Wall Street’s banks are likely to cut back or abandon their private equity operations, and private equity firms will face new regulation in the U.S., the head of the Carlyle Group predicted yesterday.
David Rubenstein said he’s not sure that the so-called Volcker Rule would bar banks from owning, investing in or sponsoring hedge funds and private equity funds. But whether or not it would, banks are likely to back away from p.e., both out of fear of the legislation and of possible criticism.
“I think what you’ll see—whether or not the legislation is adopted—is the sale of a number of captive private equity organizations of large banks and the sale of hedge fund-related operations,” Rubenstein told a private equity conference in Berlin.
More likely than the Volcker Rule becoming law—a near certainty, in fact, according to Rubenstein—is some form of p.e. regulation, which the Carlyle co-founder acknowledged the industry had so far avoided. Compulsory registration with the Securities and Exchange Commission was probable, Rubenstein offered.

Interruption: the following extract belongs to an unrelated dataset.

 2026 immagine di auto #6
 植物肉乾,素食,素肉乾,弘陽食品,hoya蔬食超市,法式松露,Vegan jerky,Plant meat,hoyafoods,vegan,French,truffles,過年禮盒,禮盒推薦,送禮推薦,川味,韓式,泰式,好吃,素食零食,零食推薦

Rubenstein also painted a relatively bleak picture for the private equity industry over the next several years, despite a boost last year.
“Returns from many pre-recession deals in funds will likely be modest at best,” he said. “Most deals I am aware of in 2009 were done at distressed prices and are probably going to be among the best deals done in the last 10 years or so.” But investors should expect lower returns and lower deal volume for the next two to four years.
The Carlyle Group is one of the world’s largest private equity firms with $87.9 billion under management and current investments in more than 200 companies.